During Doi Moi reforms in the late 1980s, the country’s leaders took bold steps to allow the emergence of private enterprise: agriculture was decollectivized; private land use rights were established; the majority of prices were liberalized; and through the historic Enterprise Law, several restrictions on private sector activity were eliminated. Several state enterprises were turned over to private sector and others partnered with the private capital and diversified ownership. The leaders also opened up the country to international trade and investment and began liberalizing the financial sector.
These bold steps and the strong response from domestic and foreign enterprises has transformed a failing, centrally planned economy into a dynamic market-oriented one.
Vietnam’s reward has been a stunning average growth rate of 7 percent per year between 1991 and 2010. This economic growth has contributed to lifting tens of millions of Vietnamese out of poverty. But that’s not all: The bottom 40 percent of the population has enjoyed an even higher growth rate than the average rate – a 9 percent rise in incomes annually over the last two decades. Prosperity has been broadly shared in Vietnam.
However, despite all of this progress, the economy’s efficiency and productivity has stagnated in the last few years and as a result growth has slowed to around 5 percent. This is not enough to create good jobs in sufficient numbers to continue to improve the prosperity of the majority of Vietnamese. It is also lower than what is needed to allow Vietnam to succeed as a middle-income country and transition to high-income status.
How does Vietnam return to a period of high growth? Vietnam’s future economic success will depend on allocating capital and resources to their most efficient and productive use. It will need to create high-skilled and high-value jobs, cultivate innovation, and then bring that innovation to scale. I believe that one important strategy for resuming rapid growth is to create the right conditions to ensure that the private sector is an engine of innovation and hence productivity and efficiency.
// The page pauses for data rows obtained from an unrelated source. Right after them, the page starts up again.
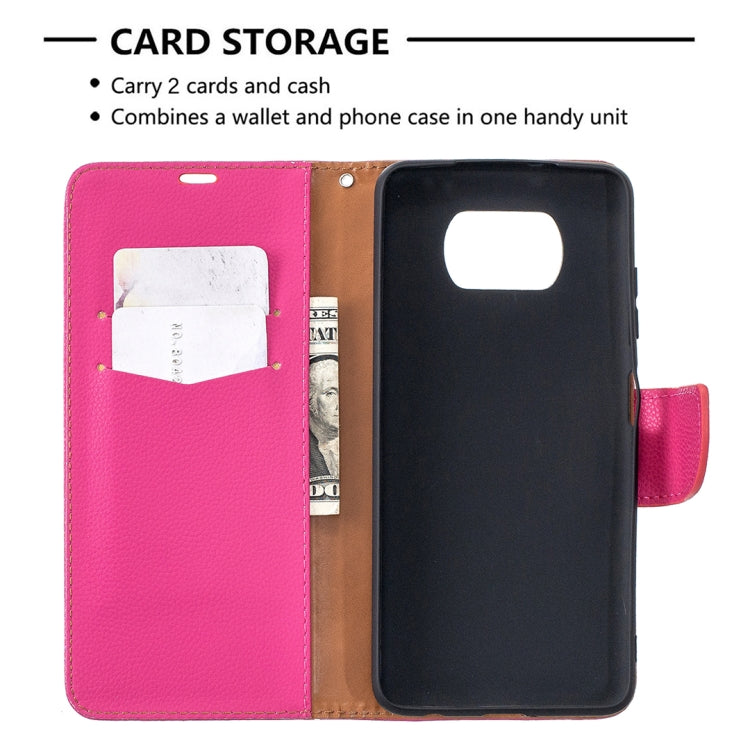 For Xiaomi Poco X3 Litchi Texture Pure Color Horizontal Flip Leather Case with Holder & Card Slots & Wallet & Lanyard
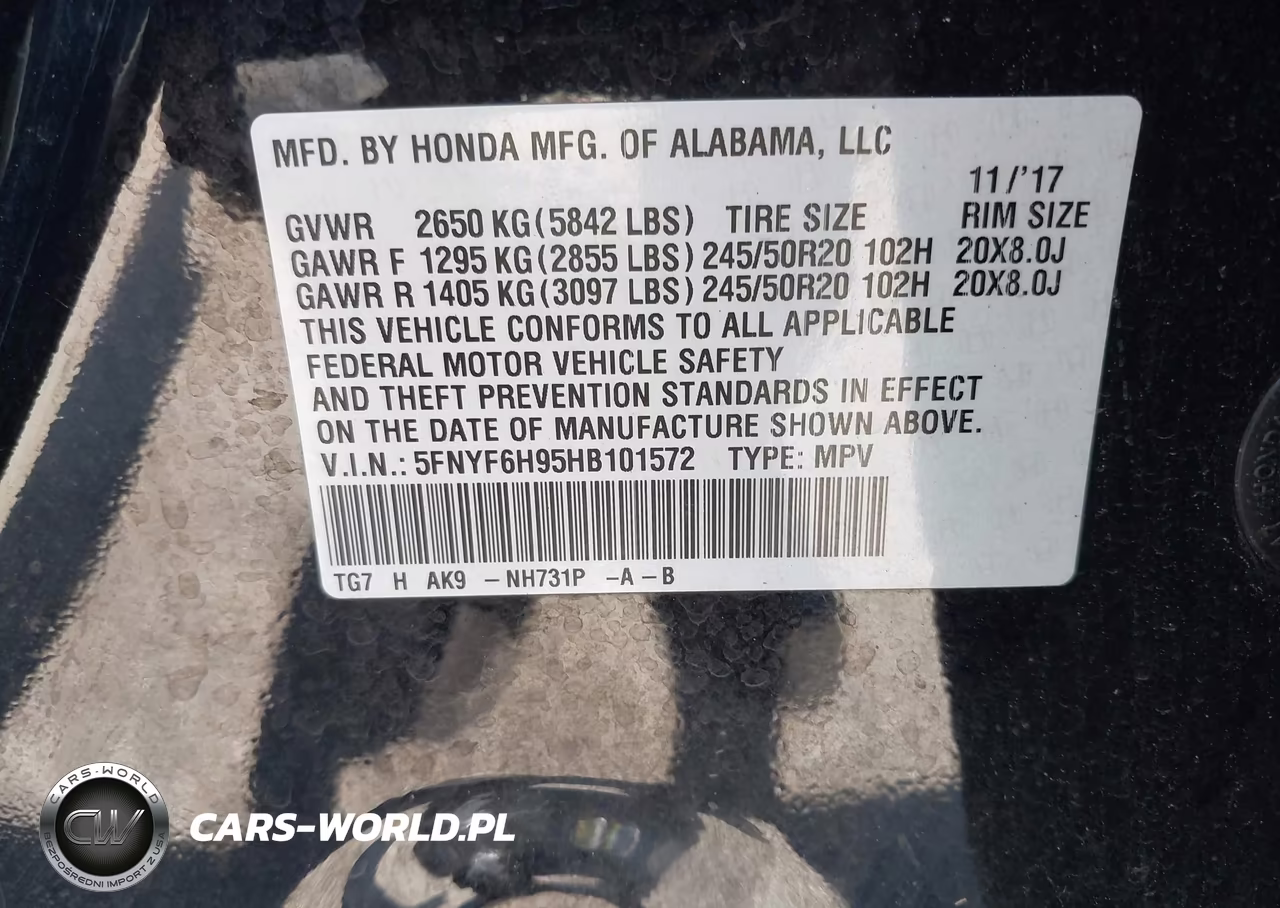 2017 Honda Pilot Touring VIN:5FNYF6H95HB101572 - 9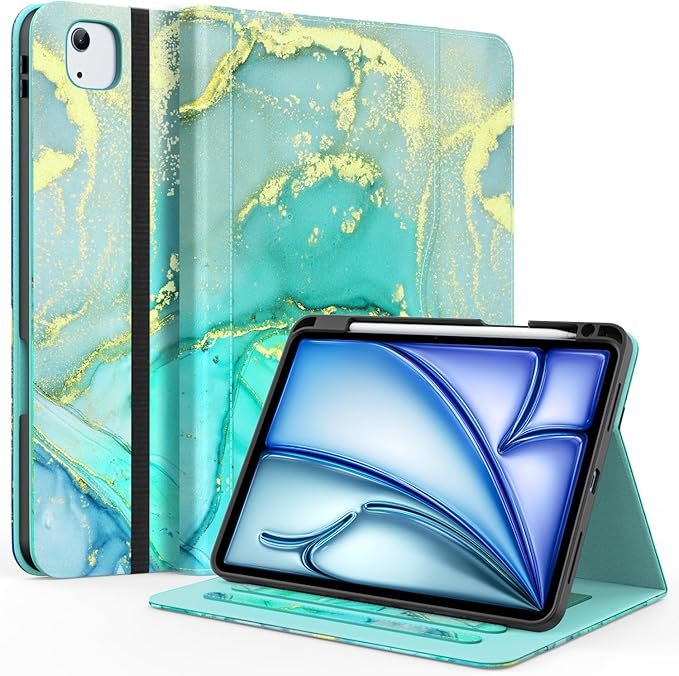 Case for iPad Air 11-inch M3/ M2 (2025/2024) iPad Air 5th/ 4th Generation 10.9'' (2022/2020) iPad Pro 11 (4th/3rd/2nd/1st Gen) Multi-Angle Stand Cover with Pencil Holder Marble Green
The private sector in Vietnam is still relatively underdeveloped, and faces major constraints. At the same time, its record to date is significantly more efficient than state-owned enterprises in the use of capital. Estimates by McKinsey, the global management consulting firm, found that with one additional unit of capital the private sector in Vietnam produces three times additional revenue compared to state-owned enterprises.
During my time in Vietnam, I am meeting with the country’s leaders to discuss two options to boost private sector investment.
The first is creating a level playing field for the state-owned and private sectors. The former enjoys monopolies, subsidies, and special access to capital and resources – privileges not available to the private sector. Vietnam can take advantage of regional and global free trade agreements to dismantle these privileges. If it chooses this path, the private sector could thrive and create more good jobs
The second option to boost private sector investment is finding new ways to provide the long term sustainable financing which is currently missing and badly needed for the private sector to grow. Vietnam needs to work toward building new markets for such financing. An important step would be to speed up the resolution of bad debts in the banking sector and the recapitalization of the banking system. But Vietnam will also need to develop a strong non-bank financial sector (bond, securities, pensions and insurance markets) to provide a range of alternative and cheaper sources of financing.
The government of Vietnam and the World Bank Group – including the IFC, our private sector arm - are about to embark on a new initiative to look at how the country can speed up its transformation. This should increase the chances of Vietnam achieving its aspiration of succeeding as a middle-income country and becoming a high-income country within a generation.
Vietnam has a bright future, thanks to its leadership, private sector entrepreneurs, its people, and its geographic location in East Asia’s vibrant economic neighborhood. If it now unleashes the full power and creativity of the private sector, Vietnam’s successes will only grow, and millions of people will have a better chance of getting good jobs and sharing in the country’s growing prosperity.